Quick fix: Microsoft account email shows in Settings → Accounts → Your info, in Sign-In screen, and in some apps. To hide: Settings → Accounts → Your info → switch to a local account (no Microsoft email shown). For sign-in screen privacy: gpedit.msc → Interactive logon: Don’t display username at sign-in → Enabled. Or registry: HKLM\SOFTWARE\Microsoft\Windows\CurrentVersion\Policies\System\DontDisplayUserName = 1.
Microsoft account email appears in Settings, login screen, app integrations. Privacy-conscious users want to hide it. Solutions: switch to local account (no email), or hide via Group Policy / registry while keeping Microsoft account benefits.
Affects: Windows 11.
Fix time: ~5 minutes.
What causes this
Microsoft account is your primary identity on Windows. Email is shown for verification (you know whose PC you’re logged into). For privacy:
- Shared PC where strangers see Settings.
- Screen recording / streaming.
- Corporate compliance.
- Reducing exposure of personal email.
Method 1: Switch to local account
The most privacy-friendly.
- Open Settings → Accounts → Your info.
- Click Sign in with a local account instead.

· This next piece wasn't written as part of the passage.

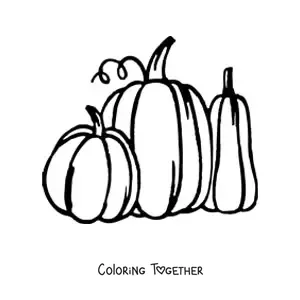 Coloring page of three pumpkins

- Confirm. Enter current Microsoft account password.
- Create local username and password. No email tied.
- Sign out. Sign in with local account.
- Settings → Accounts → Your info now shows just username, no email.
- Sign-in screen shows username, no email.
- Caveat: lose Microsoft account benefits: cloud sync, app store license tied to MS account, settings backup, Find My Device.
- For mixed: use local account for Windows; sign in to Microsoft Store / Office / OneDrive separately when needed.
This is the simplest privacy route.
Method 2: Hide email via Group Policy / registry
For keeping Microsoft account.
- Open Group Policy Editor (Pro/Enterprise):
gpedit.msc. - Navigate: Computer Configuration → Windows Settings → Security Settings → Local Policies → Security Options.
- Find Interactive logon: Don’t display last signed-in. Set to Enabled.
- Find Interactive logon: Don’t display username at sign-in. Set to Enabled.
- Apply. Run
gpupdate /force. - Sign-in screen now requires username + password without showing.
- For Home edition (no gpedit): registry equivalents:
HKLM\SOFTWARE\Microsoft\Windows\CurrentVersion\Policies\System DWORD: DontDisplayUserName = 1 DWORD: DontDisplayLockedUserId = 3 - Reboot or sign out/in.
- Settings → Accounts still shows email; but lock screen / sign-in hidden.
This hides only the sign-in screen, not Settings.
Method 3: Hide Settings → Accounts profile area
For full Settings privacy.
- Settings → Accounts profile picture and email is built-in. Windows doesn’t natively hide.
- Workaround: hide entire Accounts page in Settings (extreme):
- Open Group Policy: User Configuration → Administrative Templates → Control Panel.
- Find Hide specified Control Panel items. Enabled. Add “Accounts” or specific page identifier.
- Or registry:
HKCU\Software\Microsoft\Windows\CurrentVersion\Policies\Explorer→ SettingsPageVisibility (REG_SZ):hide:accounts.
- This hides entire Accounts page from Settings.
- Trade-off: can’t access account settings without re-enabling.
- For business setup: Microsoft Family or work account doesn’t show personal email in same way.
- For Microsoft account converted to alias: use an alias email (less personal) as primary. Settings → Accounts shows alias.
- For specific apps showing email: each app has its own profile. Sign out and use without account where possible.
This is the broader privacy override.
How to verify the fix worked
- Settings → Accounts: no email visible (for local account) or hidden by policy.
- Lock screen / sign-in: no email shown.
- Family Safety / Account sites still show email (server-side; not local).
- Apps integrated with Microsoft account may still show email in their UI.
If none of these work
If email still shows: App-level display: each app handles independently. For chronic exposure: use anonymous alias email for Microsoft account. Switch primary at account.live.com. For screen capture protection: Settings → System → Display → Privacy filter (laptop with privacy screen). For business privacy: use work / Entra ID account, not personal MS account. For specific contexts: present from another user account just for screen sharing. For corporate compliance: Group Policy for entire fleet. For absolute privacy: local account only. Accept Microsoft account benefits loss.
Bottom line: For best privacy: switch to local account (Settings → Accounts). For policy hide on sign-in: gpedit or registry DontDisplayUserName = 1. For Settings page hide: SettingsPageVisibility registry.